Leadership in Steel

BMW’s design leader Chris Bangle, as quoted in Automobile:

The responsibility that comes with attempting to look forward is that you also have to research, to bring your research into the world and show people and generate discussion.  That’s something a lot of companies don’t want to do… we have an obligation in the future to provide cars that owners will be proud to retore and proud to bring back, so that at Pebble Beach in fifty years, they’ll be showing a 50-year-old car instead of a 150-year-old car.”

I admire Bangle’s guts and determination to change the face of BMW design. I really want him to succeed.

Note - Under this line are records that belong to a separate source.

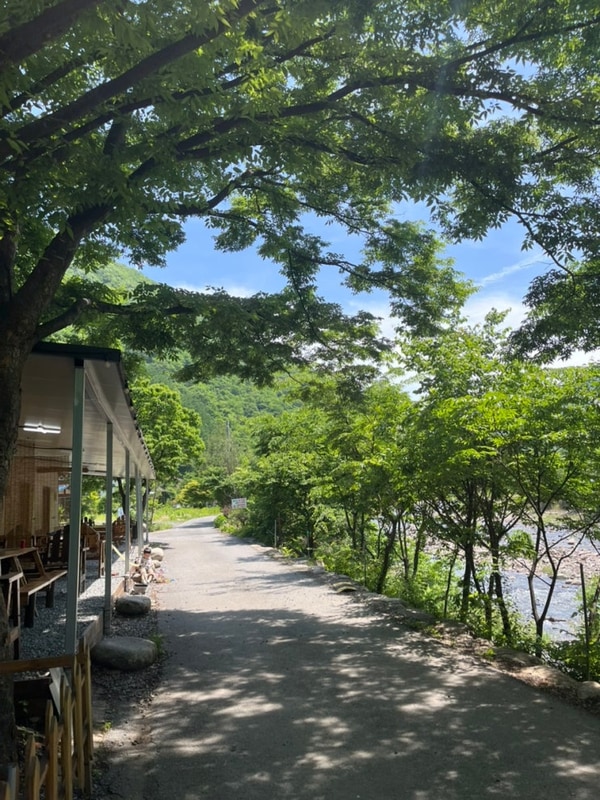 [제천/캠핑]월악산레트로캠핑N민박,민박이용후기,아기랑...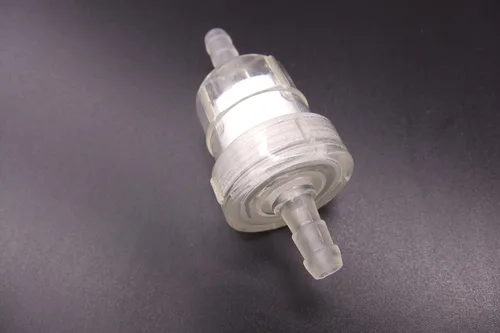 Vista 5 de Boat Motor 15410-98500 Filtro de combustible para Suzuki fueraborda motor DF4 DF5 DF6 DF8A DF9.9A DF15 DF40 DF50 DF60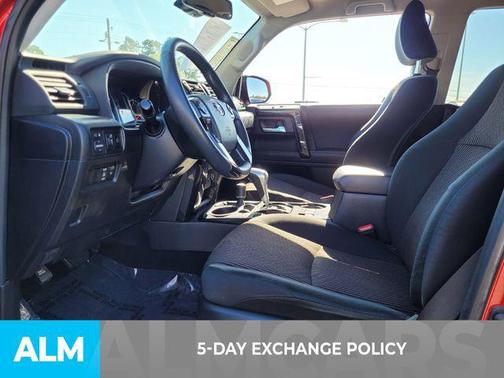 2024 Toyota 4Runner TRD Off Road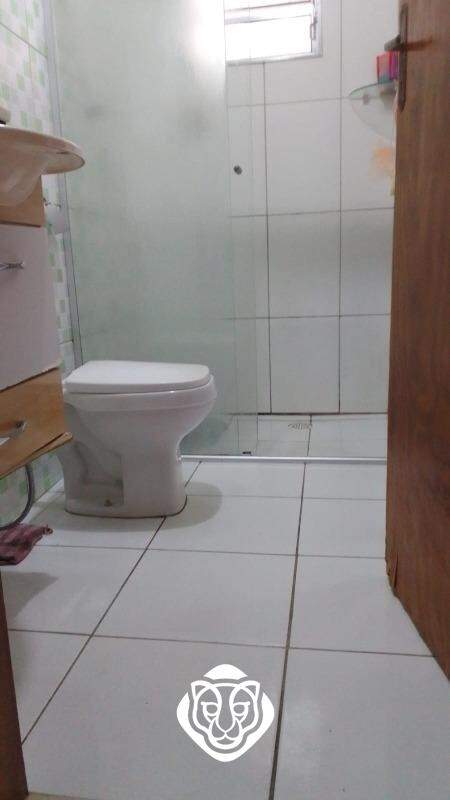 Banheiro suite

1 thought on “Leadership in Steel

  1. hi diego.
    just browsing your site for the first time. i like it. i’ ll be back.
    for the moment a short comment on bmw-design. posted it the other day at corante.com.
    and your chris bangle quote here really corresponds.
    here ist comes:
    the funny thing is, how much marketing as a whole still is regarded as something that can be understood through fmcg-practice. too few companies have understood that this is not leading anywhere.
    bmw is one of the few exceptions. they had never left their hard-nosed engineer’s thinking and gut-feeling heritage, kept a clear instinct at a time where daimlerchrysler got lost in economies of scale, and volkswagen in disney-dreams. other than volkswagen (audi is the remarkable exception in their portfolio) bmw also has fully understood the power of design (…amongst other things). whereas volkswagen has a highly diversified portfolio based on super-precise lifestyle segments their consumer and lifestyle strategy has eroded the credibility of almost all of their brands. it drives tears into the eyes of every car aficionado, what they have done to bentley for example. rolls royce (owned and driven by bmw) is a completely different story… mini too. (i wonder if this is due to the fact that bmw is still mainly owned by one tight knit family-clan, probably…)
    like no other company in the market, bmw has understood that selling cars to a highly involved and educated audience does not have to stop at selling them blueprints for their lifestyle dreams. the emotions, a car company with the pedigree of bmw has to capitalize on, do not come from the market – do not come from the consumers – they have to come from the company itself, from the heart of the company, from the roaring, oil stinking and yet responsible and precise engineer’s heart.
    if you look at mercedes, you see the worlds most well known car-brand being nothing but a hollow shell. yes, they may do some decent sponsoring, yes they do enough product placement in rap-videos…. hey, but bmw does their short movies….
    and, let’s speak design now… i know it is a difficult topic, because we are also talking personal taste here… nevertheless: by looking at their global market – especially the us-market – mercedes design has been stuck in some kind of slickness (which some might call elegance… but hey, have a look inside the car… all these soft and pampers-style features… this is grand-uncle joe’s happy afternoon in the urological clinic). staring at market-share has paralyzed a company that by historical reputation should lead the market. … wait for a couple of more years, if they do not change… the verdict is out.
    bmw on the contrary. i am not saying that i like their design language too much, the edges and all these kind of things, but hey, THEY DARE. bmw dares to be different. we are bmw! this is 2005! f*** retro. f*** indecisiveness. we are bmw. we are here today. for you. let’s go.